Downbeat earnings reports weigh on US indices
US stocks closed lower on Wednesday as a string of corporate reports missed expectations. The dollar weakened: the live dollar index data show the ICE US Dollar index, a measure of the dollar’s strength against a basket of six rival currencies, slipped 0.3% to 93.618. The S&P 500 fell 0.5% to 2557.15 led by telecom and industrial shares. All 11 main sectors ended lower. The Dow dropped 0.5% to 23329. NASDAQ Composite lost 0.5% to 6563.89.
European stocks extend losses
European stocks continued the retreat on Wednesday as traders were cautious ahead of the European Central Bank meeting. The euro accelerated gains against the dollar and the British Pound ended higher against the greenback erasing all of the previous day losses. The Stoxx Europe 600 index fell 0.6%. Germany’s DAX 30 lost 0.5% to 12953.41. France’s CAC 40 slipped 0.4% and UK’s FTSE 100 dropped 1.1% to 7447.21. Indices opened mixed today.
Asian indices advance
Asian stock indices are mostly higher.

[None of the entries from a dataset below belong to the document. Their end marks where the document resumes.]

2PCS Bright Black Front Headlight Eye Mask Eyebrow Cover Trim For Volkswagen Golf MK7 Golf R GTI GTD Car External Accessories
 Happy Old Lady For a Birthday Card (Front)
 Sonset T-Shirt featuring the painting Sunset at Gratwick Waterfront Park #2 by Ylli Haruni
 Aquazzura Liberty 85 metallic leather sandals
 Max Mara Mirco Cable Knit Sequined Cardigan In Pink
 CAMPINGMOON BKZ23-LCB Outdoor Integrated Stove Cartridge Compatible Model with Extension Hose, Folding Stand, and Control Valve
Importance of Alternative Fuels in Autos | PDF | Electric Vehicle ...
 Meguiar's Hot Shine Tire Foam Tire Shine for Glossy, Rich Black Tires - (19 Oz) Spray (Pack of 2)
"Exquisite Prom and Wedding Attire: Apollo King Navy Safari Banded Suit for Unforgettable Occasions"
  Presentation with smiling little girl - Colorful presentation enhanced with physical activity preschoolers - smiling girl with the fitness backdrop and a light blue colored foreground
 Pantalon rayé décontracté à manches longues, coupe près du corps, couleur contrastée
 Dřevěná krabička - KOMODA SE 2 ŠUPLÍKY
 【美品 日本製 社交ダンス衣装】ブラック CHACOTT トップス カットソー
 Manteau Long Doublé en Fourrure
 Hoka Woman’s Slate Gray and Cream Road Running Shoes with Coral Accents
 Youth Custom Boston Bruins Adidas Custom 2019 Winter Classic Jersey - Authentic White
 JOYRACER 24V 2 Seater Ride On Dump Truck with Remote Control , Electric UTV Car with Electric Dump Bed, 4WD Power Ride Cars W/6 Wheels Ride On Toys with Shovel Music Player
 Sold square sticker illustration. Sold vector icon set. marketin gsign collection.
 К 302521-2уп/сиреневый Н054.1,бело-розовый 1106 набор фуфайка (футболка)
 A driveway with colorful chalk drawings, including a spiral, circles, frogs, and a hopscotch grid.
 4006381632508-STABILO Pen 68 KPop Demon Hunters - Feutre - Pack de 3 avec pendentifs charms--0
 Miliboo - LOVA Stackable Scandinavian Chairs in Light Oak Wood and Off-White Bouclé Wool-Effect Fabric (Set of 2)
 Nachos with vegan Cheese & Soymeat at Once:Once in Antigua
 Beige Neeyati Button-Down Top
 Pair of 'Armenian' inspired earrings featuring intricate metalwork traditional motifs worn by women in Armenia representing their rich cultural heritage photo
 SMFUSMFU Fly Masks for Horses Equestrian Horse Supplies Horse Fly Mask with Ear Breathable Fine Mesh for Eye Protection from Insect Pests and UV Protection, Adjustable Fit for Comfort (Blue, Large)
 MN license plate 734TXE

Nikkei rose 0.2% to 21755 supported by strong earnings and resumed yen weakness against the dollar. Chinese stocks are mixed: the Shanghai Composite Index is 0.3% higher while Hong Kong’sHang Seng Index is down 0.3%. Australia’s ASX All Ordinaries added 0.2% as Australian dollar added to previous day’s sharp losses following a weaker than expected inflation report.
Oil slips as US crude inventories rise
Oil futures prices are edging lower today. Prices ended higher yesterday despite US Energy Information Administration report domestic crude supplies rose by 856 thousand barrels last week. That was above the 519 million barrel build reported by the American Petroleum Institute late Tuesday. At the same time US crude oil output rebounded 1.1 million barrel per day (bpd) to 9.5 million bpd. Brent crude rose 0.2% to $58.44 a barrel on Wednesday.